Hamad’s E.Work Unit provides UCAS graduates gainful employment with clients in other countries, particularly in the Gulf states, through projects that rely on the Internet such as web site design, translation and secretarial work. In June 2009, with funds and 12 GPS (global positioning system) units donated by Jumpstart, Hamad’s engineering graduates were trained, then sent out to collect raw “traces” (x and y coordinates) across the entire Gaza Strip. By September, all roads and more than 4,000 points of interest were charted, then entered into OpenStreetMap.
“Roads are important, but life in Gaza is defined even more by the local hospitals, mosques and businesses,” explains Hamad. “To be relevant to people’s lives, a map has to include those as well.”
For instance, one location on the map is a tiny, family-owned store called “Mr. Kazim Ice Cream,” which was the first shop to offer homemade ice cream in the Strip when it opened about 50 years ago. Although competitors entered the market about five years ago, “Kazim” remains a name that is so well known that taxi drivers throughout the Strip use it as a reference point.
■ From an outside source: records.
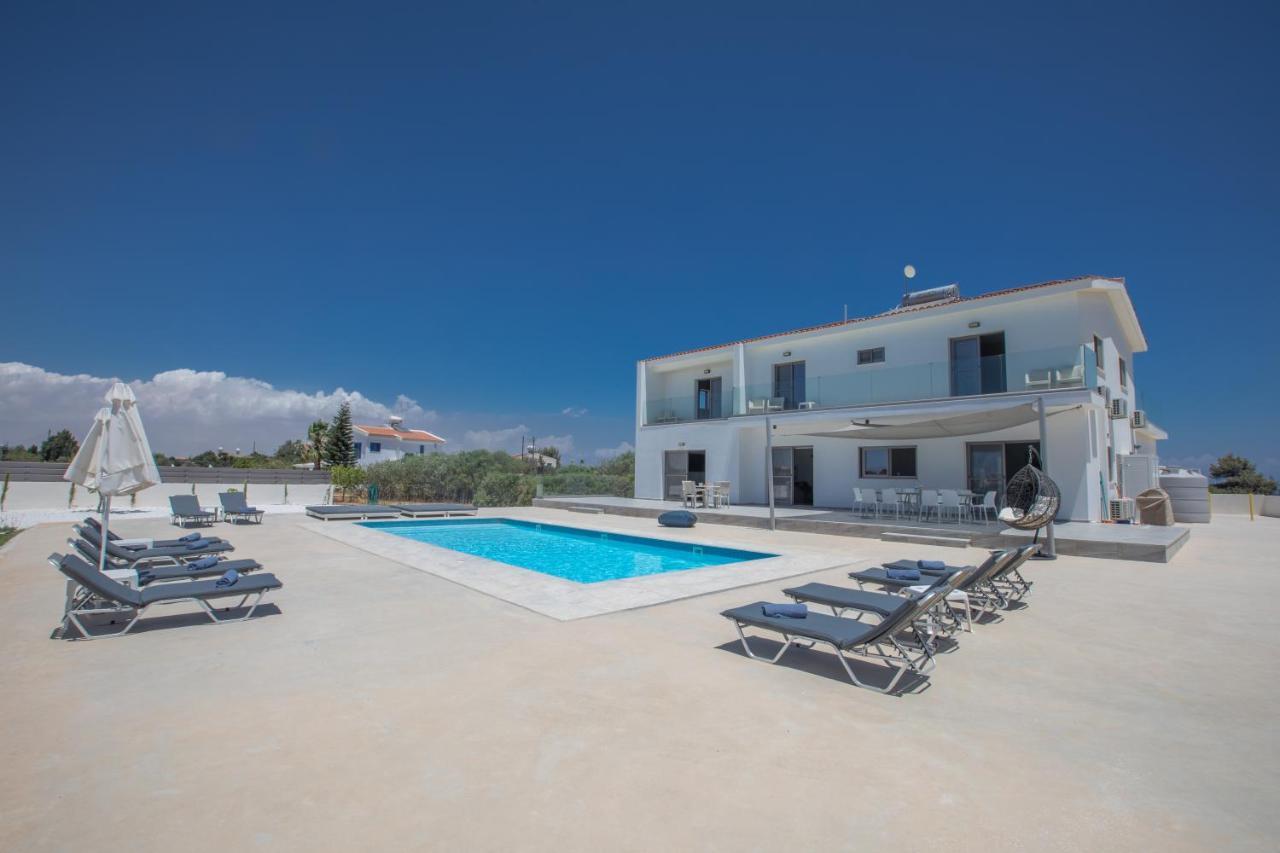 Villa Marylou Protaras Luaran gambar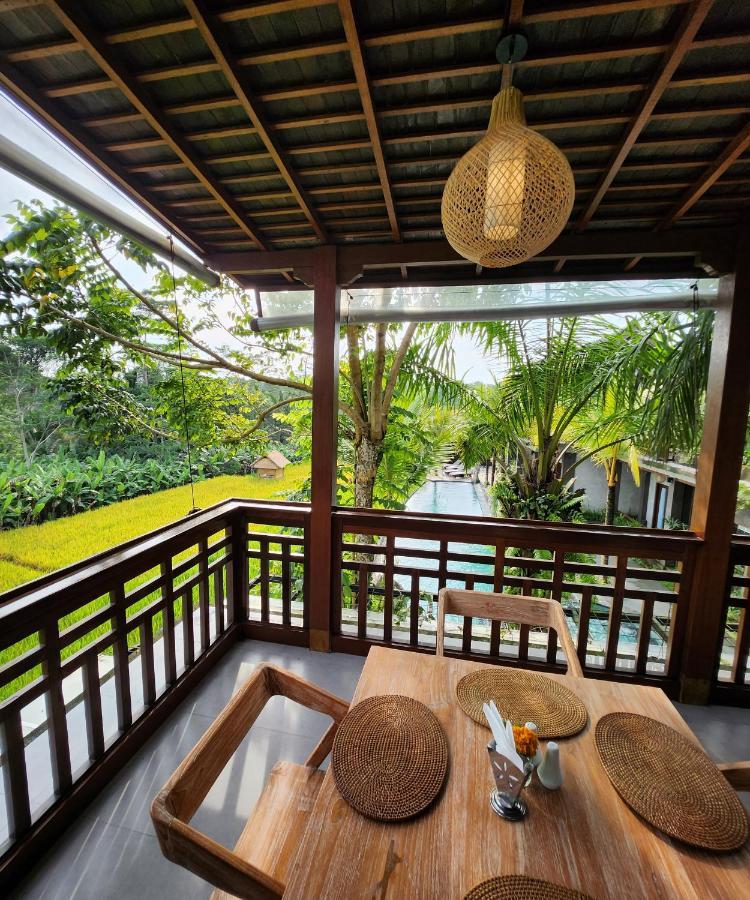 Pinggala Villa Ubud Payangan Dış mekan fotoğraf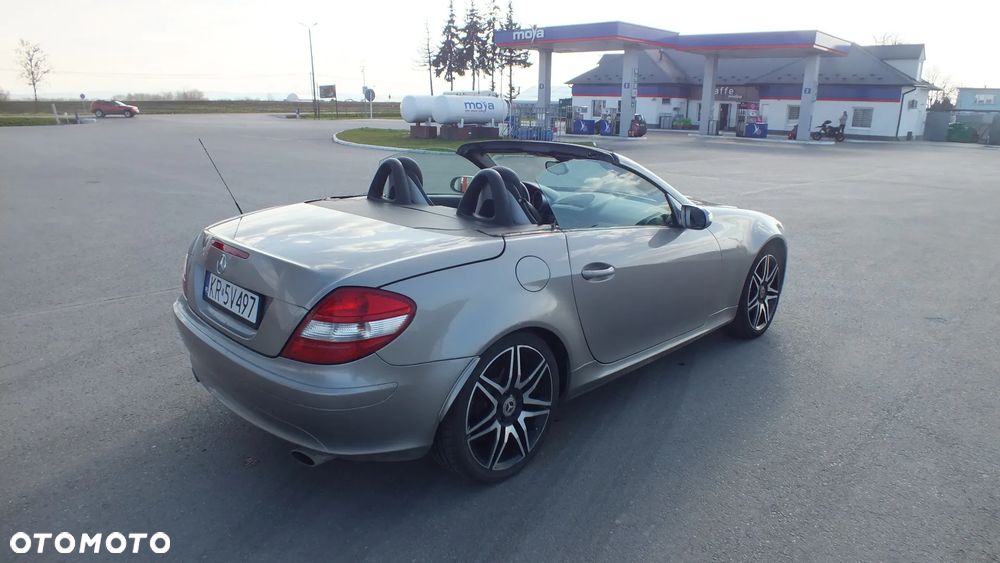 Mercedes-Benz SLK - 5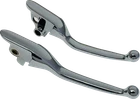Drag Specialties Lever Set - Narrow Chrome New. Price: $78.23.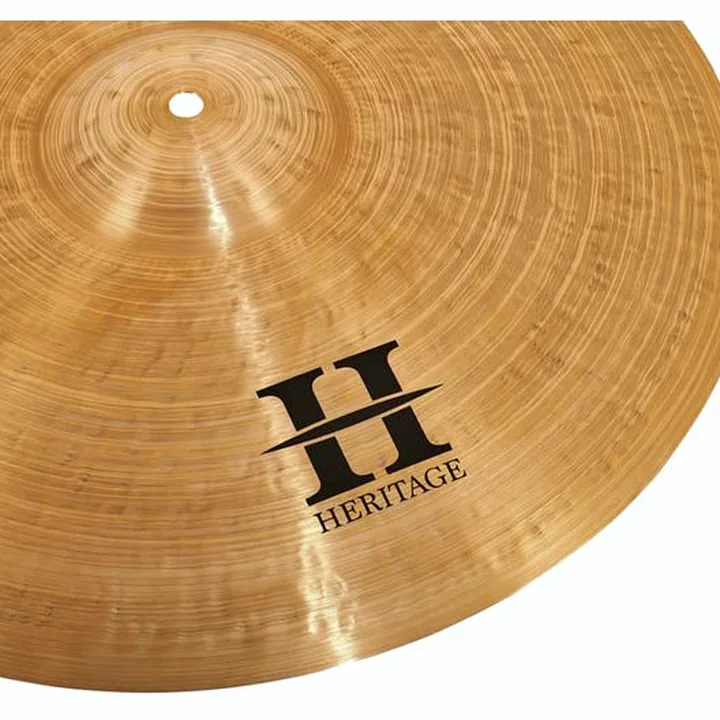 Avis & Test : Zultan Heritage Cymbal Set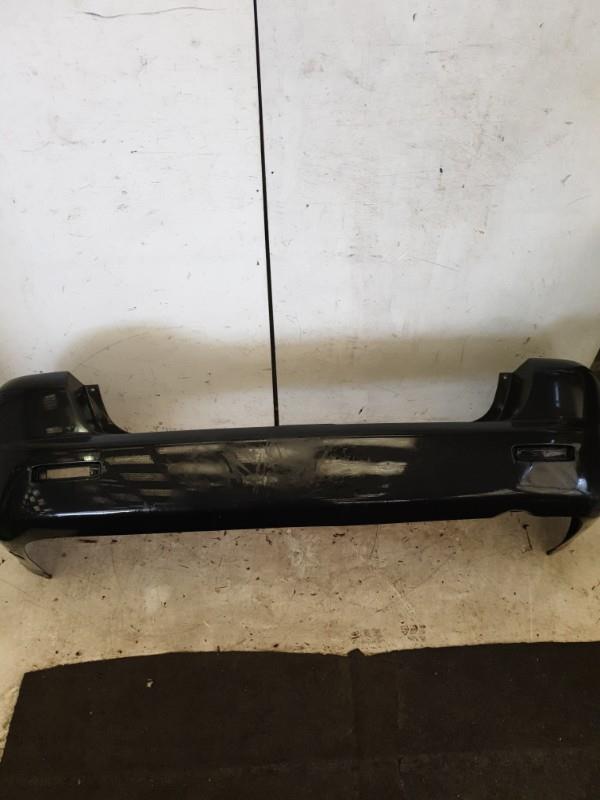 Pare choc arriere SSANGYONG REXTON 1 PHASE 1  - 1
Hamad’s team faced a challenge, however, when labeling the streets. Although most of the streets in Gaza City now at least have a name (unlike many communities outside, such as the refugee camps ), what people call them often differs from what appears on official signs. For instance, Gamal Abdel Nasser St. (named after the past president of Egypt who is revered for trying to unite Arabs throughout the region) is more commonly called Thalatheny St., after the extended family who has longed lived there. The mappers chose the official name, but many taxi drivers couldn’t recognize it.
Hamad says that using the database that now exists, printed maps could be made for all of the Gaza Strip, but for now he is focusing on Gaza City, the headquarters for the government as well as the majority of the NGOs. And in the spirit of OpenStreetMap, he wants to give the map away, rather than selling it. “Information is only truly powerful when everyone has access to it,” he explains.